It will surprise no one who read my previous post to learn that the folks at Big Hollywood loved The Expendables exactly as much as they
are ideologically required to anticipated. Still, John Nolte’s review is a teleological marvel. What he likes about the film is
the simple straight-forward plot, all the B-movie mayhem you could possibly ask for, and two unapologetic hours of masculinity—which may be two hours more than we’ve seen in all of the last decade put together. These boys smoke cigars, drink beer while piloting airplanes, and return us to those glorious pre-Oprah days when stoicism was still a virtue and real men didn’t gush about their inner-emotional lives like 13 year-old girls drunk on Dr. Pepper at a slumber party.
Maybe someone should tell him that the reason flat characters don’t “gush” about “their inner-emotional lives” is because they don’t have them. Maybe I should. I suppose I will. Please, Mr. Nolte, continue:
Sylverster Stallone’s glorious throwback to the brawny 80s is also about something, and it’s not Bourne-ian self-discovery. It’s about something that actually matters. And in this age of nihilism when believing in anything bigger than self is considered old-fashioned, unsophisticated and naïve, that’s both refreshing and important.
If you insist on italicizing the word “about,” you might want to indicate what that “something” that it’s about actually is. Sorry, I’m being rude. Mr. Nolte, you may continue:
The story opens with a well-crafted action sequence involving Somalia pirates that not only establishes how deadly competent our guys are, but also that they’re not cold-blooded killers. These are men with a moral code and one of their own breaking that code will be the root cause of deadly complications and a couple over the top action sequences to come.
So these are mercenaries who only ever fight the good fight? If I may, Mr. Nolte, let me recommend my friend Adam Roberts’s post on Iron Man, in which he notes that that film adheres to
the dream narrative of US military involvement in the Middle East: one American is able to go to Afghanistan, kill only the bad Afghans, leave all the good Afghani men women and children alive and leap away into the sky.
That “dream narrative” isn’t the product of a moral code, but simply a denial of the reality of reality. But I should let you finish:
The plot gets a nudge courtesy of a self-referential Meeting of The Titans. Ever in search of a job, Barney meets with “Church” (Bruce Willis), a CIA spook in need of some housecleaning that won’t make headlines and Arnold Schwarzenegger, a long-time rival. Cinematically this is far from a great scene—
First, stop pretending to be German. Second, I think you’re starting to realize that you didn’t even like the film. You call it a “B-movie,” rate its action scenes as “over the top,” and now you’re criticizing how it films a conversation.

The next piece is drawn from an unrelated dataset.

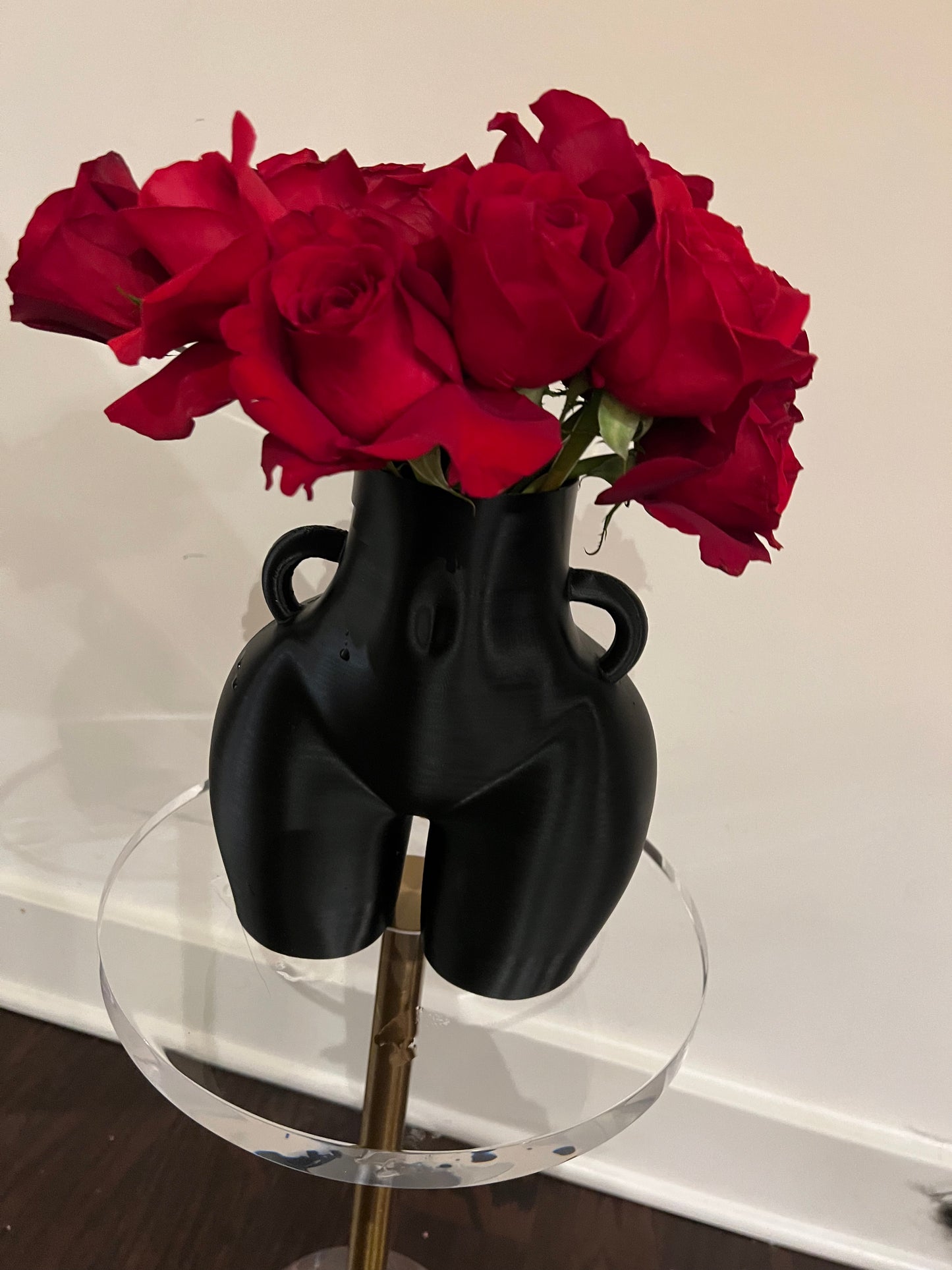 Cheeky Vase (Various Colors)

What did you think of the dialogue?
[T]hese aren’t men who talk a whole lot, and when they do it’s usually in the form of affectionate crowd-pleasing insults that might not move the plot or add character dimension, but once again Stallone (who co-wrote the screenplay with Dave Callahan) knows his audience.

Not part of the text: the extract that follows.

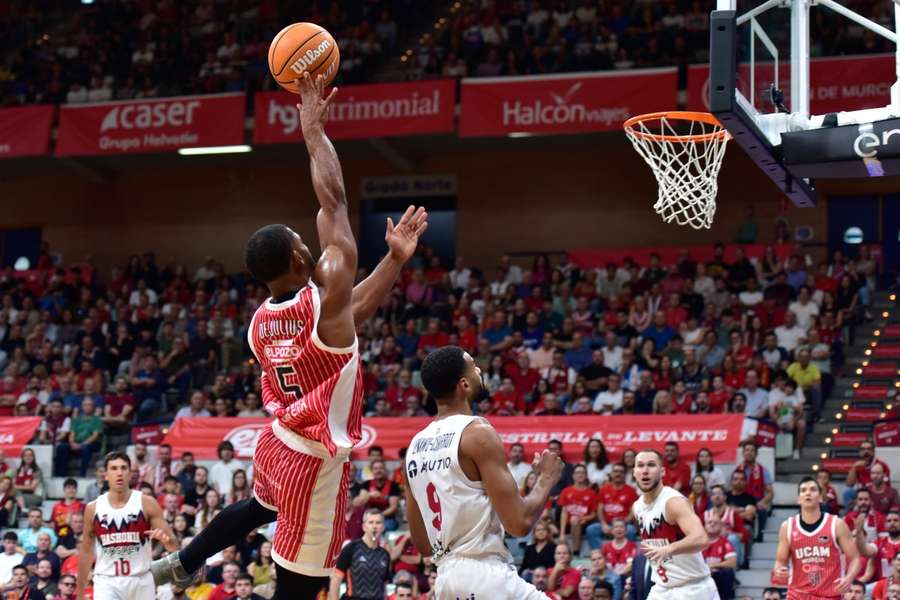 David DeJulius lanza a canasta ante el Baskonia David DeJulius lanza a canasta ante el Baskonia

I definitely think you hated this film. I mean, you’re praising dialogue that neither advanced the plot or added depth to the characters because, to your mind, Stallone’s audience consist of people who prefer pointless banter. I can’t even tell whether you’re insulting them more than your own intelligence here or vice versa. Wait, I have a test:
There’s also a kind of validation that comes with the price of admission, especially for those of us who couldn’t figure out why in the hell anyone would call metro-sexuals angsting over calling evil what it is and apologizing for America an action movie.
“The Expendables” proves us right.
Matt Damon sucks and the eighties freaking ruled.
I’m still not sure, but I will say this: your intelligence deserves to be insulted, because the reason you’re saying “Matt Damon sucks” is that he starred in movies with “Bourne-ian self-discovery,” whereas The Expendables “freaking ruled” because it was of the 1980s. Guess what? So’s The Bourne Identity (1980) and, of course, The Bourne Identity (1988).
Hate to burst your bubble, Mr. Nolte, but your precious ’80s were a bit smarter and more “inner-emotional” than you’ve chosen to remember them as.